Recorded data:
# # # # # # #
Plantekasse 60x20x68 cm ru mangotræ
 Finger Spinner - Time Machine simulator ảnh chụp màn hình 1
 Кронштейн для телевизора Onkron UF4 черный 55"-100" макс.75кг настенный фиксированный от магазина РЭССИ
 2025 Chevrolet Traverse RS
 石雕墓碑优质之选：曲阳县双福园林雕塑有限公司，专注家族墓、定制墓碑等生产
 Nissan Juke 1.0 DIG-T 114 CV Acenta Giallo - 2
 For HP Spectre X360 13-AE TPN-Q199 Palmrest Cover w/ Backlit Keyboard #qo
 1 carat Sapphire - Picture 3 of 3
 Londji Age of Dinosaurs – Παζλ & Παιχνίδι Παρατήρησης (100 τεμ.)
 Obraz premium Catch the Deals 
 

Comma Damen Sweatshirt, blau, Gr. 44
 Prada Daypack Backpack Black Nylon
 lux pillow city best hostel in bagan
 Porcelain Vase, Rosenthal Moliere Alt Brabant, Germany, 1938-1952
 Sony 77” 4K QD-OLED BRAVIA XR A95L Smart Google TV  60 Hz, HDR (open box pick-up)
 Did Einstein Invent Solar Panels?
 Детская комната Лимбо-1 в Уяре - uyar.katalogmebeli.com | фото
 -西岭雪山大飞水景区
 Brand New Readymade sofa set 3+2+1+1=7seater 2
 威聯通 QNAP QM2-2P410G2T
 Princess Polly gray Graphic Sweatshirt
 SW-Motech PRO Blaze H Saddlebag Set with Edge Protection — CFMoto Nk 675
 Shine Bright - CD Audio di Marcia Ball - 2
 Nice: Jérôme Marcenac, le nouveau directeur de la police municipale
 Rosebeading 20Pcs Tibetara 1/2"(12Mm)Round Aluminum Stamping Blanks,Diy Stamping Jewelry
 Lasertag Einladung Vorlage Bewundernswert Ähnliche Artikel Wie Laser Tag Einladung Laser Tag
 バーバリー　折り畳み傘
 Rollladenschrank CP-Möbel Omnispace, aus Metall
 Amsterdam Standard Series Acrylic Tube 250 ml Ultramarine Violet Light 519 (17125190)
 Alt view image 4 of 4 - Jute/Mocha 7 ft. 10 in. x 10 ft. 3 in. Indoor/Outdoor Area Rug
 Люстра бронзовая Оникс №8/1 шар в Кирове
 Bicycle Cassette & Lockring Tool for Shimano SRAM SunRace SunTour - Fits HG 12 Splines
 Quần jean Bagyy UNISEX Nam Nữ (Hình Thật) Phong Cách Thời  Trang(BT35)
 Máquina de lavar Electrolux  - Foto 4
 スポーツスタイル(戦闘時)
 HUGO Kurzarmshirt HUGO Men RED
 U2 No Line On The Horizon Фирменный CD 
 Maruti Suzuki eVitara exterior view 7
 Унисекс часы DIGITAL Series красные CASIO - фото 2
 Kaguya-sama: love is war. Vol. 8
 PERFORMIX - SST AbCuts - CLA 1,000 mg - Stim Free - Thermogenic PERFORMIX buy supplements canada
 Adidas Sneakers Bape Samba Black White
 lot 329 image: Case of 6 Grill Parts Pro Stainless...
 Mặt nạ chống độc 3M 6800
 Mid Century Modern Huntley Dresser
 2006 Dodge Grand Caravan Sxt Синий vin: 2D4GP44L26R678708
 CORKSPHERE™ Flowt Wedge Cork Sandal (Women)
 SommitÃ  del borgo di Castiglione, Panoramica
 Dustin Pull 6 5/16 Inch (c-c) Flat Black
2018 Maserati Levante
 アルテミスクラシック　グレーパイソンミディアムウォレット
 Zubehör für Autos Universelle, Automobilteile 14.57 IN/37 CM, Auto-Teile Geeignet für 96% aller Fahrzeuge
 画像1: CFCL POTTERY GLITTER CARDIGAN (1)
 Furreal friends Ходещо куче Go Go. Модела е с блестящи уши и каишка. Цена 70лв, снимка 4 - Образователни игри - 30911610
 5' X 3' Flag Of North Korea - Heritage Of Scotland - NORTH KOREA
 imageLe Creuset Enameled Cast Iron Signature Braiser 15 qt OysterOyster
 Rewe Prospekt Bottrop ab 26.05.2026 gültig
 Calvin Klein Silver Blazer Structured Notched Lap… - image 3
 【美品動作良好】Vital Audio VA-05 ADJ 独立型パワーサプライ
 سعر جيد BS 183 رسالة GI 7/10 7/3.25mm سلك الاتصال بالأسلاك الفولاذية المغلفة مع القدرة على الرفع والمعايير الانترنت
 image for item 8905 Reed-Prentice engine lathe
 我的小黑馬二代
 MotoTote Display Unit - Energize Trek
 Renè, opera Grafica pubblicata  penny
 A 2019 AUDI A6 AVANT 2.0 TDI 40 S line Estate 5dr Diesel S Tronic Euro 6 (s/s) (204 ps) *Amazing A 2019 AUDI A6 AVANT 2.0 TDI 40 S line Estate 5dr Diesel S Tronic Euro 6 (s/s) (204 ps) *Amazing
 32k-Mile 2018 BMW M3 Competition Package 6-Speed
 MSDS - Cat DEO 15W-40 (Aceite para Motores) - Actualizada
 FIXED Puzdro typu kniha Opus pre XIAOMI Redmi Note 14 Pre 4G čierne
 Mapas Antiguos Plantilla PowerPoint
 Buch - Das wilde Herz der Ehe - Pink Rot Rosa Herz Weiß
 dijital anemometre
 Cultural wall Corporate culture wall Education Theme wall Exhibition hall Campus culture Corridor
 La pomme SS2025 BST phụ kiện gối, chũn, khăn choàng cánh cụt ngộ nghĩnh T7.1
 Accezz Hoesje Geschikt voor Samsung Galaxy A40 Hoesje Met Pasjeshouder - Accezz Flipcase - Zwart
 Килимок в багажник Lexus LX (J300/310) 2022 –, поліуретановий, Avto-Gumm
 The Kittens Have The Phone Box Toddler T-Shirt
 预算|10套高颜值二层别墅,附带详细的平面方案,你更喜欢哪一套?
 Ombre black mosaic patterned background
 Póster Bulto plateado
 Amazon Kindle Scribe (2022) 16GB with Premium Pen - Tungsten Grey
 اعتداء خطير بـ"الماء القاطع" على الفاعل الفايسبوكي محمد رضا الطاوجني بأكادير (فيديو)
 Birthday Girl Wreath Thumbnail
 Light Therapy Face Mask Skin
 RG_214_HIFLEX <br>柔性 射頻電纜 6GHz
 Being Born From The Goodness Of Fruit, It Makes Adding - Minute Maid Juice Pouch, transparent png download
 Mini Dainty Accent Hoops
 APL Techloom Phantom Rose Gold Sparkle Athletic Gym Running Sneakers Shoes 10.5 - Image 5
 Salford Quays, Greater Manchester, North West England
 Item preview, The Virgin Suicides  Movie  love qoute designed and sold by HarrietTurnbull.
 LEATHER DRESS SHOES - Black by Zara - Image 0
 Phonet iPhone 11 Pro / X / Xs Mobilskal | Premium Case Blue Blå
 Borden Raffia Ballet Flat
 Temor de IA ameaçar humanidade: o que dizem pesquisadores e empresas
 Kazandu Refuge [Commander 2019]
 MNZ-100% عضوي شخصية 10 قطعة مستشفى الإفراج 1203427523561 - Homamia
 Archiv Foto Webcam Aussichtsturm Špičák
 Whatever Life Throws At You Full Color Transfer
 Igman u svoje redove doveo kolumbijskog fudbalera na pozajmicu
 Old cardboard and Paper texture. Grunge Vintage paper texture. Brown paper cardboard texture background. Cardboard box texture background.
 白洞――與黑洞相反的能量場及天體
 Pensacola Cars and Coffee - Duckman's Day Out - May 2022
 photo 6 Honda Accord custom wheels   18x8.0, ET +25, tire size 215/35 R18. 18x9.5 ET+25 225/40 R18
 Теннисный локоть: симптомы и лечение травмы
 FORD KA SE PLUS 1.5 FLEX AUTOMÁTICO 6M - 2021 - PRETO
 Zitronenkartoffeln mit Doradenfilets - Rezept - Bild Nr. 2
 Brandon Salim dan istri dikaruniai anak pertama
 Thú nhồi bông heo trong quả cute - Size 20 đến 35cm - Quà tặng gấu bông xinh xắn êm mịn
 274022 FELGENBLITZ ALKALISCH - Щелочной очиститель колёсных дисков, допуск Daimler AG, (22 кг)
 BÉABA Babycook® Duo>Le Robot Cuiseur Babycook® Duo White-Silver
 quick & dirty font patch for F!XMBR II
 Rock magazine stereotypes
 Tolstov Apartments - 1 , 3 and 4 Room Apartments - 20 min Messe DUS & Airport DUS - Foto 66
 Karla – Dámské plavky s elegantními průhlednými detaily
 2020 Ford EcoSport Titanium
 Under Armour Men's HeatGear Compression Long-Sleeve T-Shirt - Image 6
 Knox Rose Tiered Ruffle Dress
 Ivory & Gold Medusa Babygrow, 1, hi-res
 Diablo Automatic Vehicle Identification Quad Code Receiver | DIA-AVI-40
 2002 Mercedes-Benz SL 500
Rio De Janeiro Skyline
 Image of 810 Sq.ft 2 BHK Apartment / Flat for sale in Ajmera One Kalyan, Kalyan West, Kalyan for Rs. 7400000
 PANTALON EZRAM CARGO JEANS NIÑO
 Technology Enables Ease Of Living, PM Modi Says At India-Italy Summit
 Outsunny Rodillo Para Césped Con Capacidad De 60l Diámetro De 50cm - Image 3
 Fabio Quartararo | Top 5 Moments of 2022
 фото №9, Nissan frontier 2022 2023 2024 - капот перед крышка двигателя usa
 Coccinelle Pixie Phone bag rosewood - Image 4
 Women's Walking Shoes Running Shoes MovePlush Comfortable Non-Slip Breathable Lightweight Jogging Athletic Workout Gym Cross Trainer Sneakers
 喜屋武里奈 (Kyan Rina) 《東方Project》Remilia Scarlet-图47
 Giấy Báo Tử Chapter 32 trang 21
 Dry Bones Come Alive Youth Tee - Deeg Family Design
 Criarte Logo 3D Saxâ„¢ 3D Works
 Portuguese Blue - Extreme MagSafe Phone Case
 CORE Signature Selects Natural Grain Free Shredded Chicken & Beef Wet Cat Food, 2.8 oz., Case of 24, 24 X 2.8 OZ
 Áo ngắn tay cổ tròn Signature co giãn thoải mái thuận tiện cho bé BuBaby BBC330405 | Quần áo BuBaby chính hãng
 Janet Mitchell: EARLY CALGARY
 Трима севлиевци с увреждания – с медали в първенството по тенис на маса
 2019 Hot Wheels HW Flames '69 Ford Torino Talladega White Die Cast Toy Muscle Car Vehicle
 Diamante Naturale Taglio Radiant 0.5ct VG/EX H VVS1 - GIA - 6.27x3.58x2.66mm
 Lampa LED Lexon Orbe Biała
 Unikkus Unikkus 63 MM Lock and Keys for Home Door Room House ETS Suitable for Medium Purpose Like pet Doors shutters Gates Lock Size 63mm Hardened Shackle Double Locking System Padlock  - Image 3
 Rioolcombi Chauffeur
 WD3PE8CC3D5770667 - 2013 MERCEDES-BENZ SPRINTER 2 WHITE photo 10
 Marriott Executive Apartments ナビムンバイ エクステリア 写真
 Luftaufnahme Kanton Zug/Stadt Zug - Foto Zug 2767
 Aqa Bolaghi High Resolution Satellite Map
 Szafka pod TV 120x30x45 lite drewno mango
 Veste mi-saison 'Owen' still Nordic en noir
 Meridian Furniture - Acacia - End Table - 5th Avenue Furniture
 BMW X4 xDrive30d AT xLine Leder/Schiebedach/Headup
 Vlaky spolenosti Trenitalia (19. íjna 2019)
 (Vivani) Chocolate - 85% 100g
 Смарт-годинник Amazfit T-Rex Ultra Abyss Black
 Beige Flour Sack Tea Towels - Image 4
# # # # # # #
WHAT IS EXPECTED ::
Restate exactly the records above from their first line through the line that holds "石雕墓碑优质之选：曲阳县双福园林雕塑有限公司，专注家族墓、定制墓碑等生产", please, including both and leaving out all others.

TASK ANSWER ::
Plantekasse 60x20x68 cm ru mangotræ
 Finger Spinner - Time Machine simulator ảnh chụp màn hình 1
 Кронштейн для телевизора Onkron UF4 черный 55"-100" макс.75кг настенный фиксированный от магазина РЭССИ
 2025 Chevrolet Traverse RS
 石雕墓碑优质之选：曲阳县双福园林雕塑有限公司，专注家族墓、定制墓碑等生产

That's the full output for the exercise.